Jul 23, 2010

Re-versioning 'revert'

I had previously written about my aversion for the reversion i.e. the use of 'revert' in e-mails to mean 'reply'. But the inevitable march of the very forces that make language fluid and nimble have had their first major victory in this matter. Linguist Ben Zimmer (he replaced William Safire in the New York Times' popular 'On Language' column) wrote on the topic, noting that this sense of the word has finally made it to a dictionary.

The 8th edition of the Oxford Advanced Learner's Dictionary notes the (still obnoxious) usage, marking it as having originated in Indian-English. We are seeing, at first-hand, an example of the mutation of language, and some part of me wants to celebrate that. So I suppose it is time to put the pitchforks down, but that doesn't mean a change in my conservative attitude. The likelihood of me embracing this word-meaning combination is the same as that of a Khap panchayat sending a gift certificate and greeting card to the latest set of Jat elopers.

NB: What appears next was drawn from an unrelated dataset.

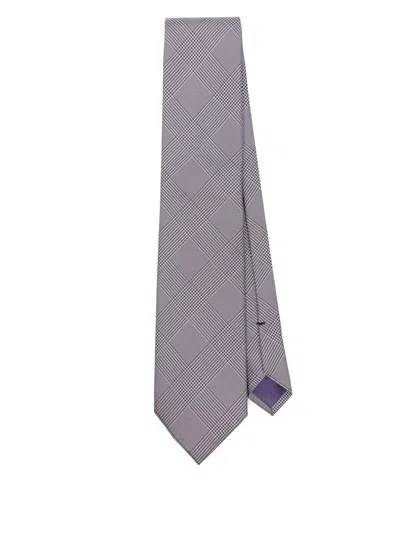 Tom Ford Checked Tie In Blue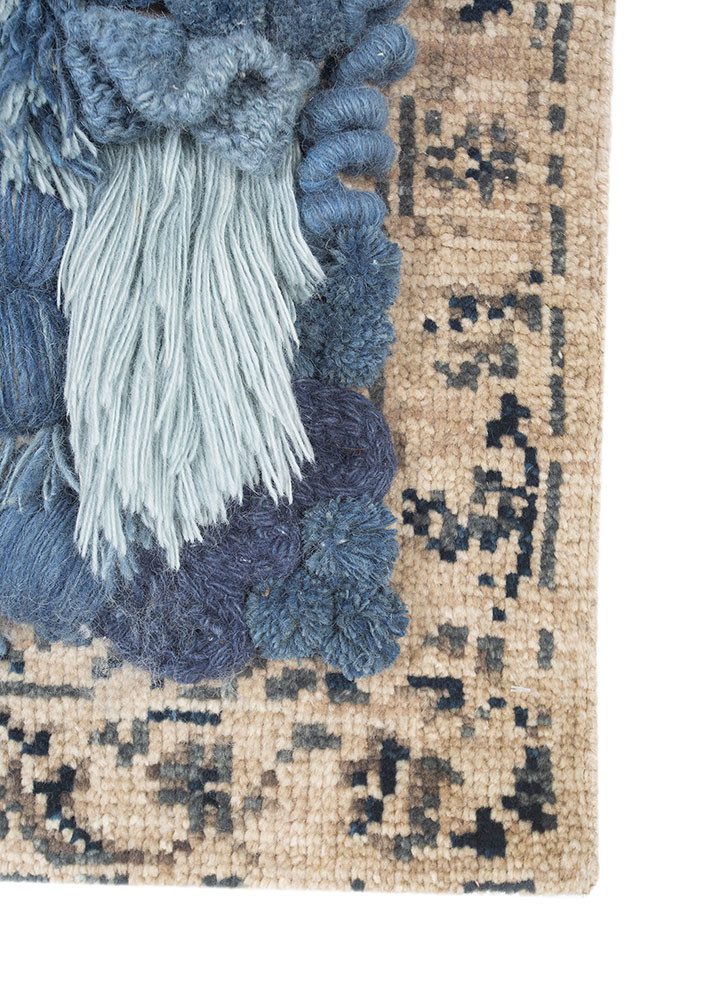 wall art blue wool  WALL ART & TAPESTRY - Corner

Aren't you glad that the madmen of Indian villages didn't spent as much time protecting language?

4 comments:

Salil said...

Now can we start a movement for 'prepone'?

J Ramanand said...

We're so late on that, that we'll have to postpone this movement indefinitely :-)

Abhi T said...

what about updation and mailer (in the sense of an email sent out to a group).

J Ramanand said...

Abhi: all of them. I'm just recruiting troops for all-out war.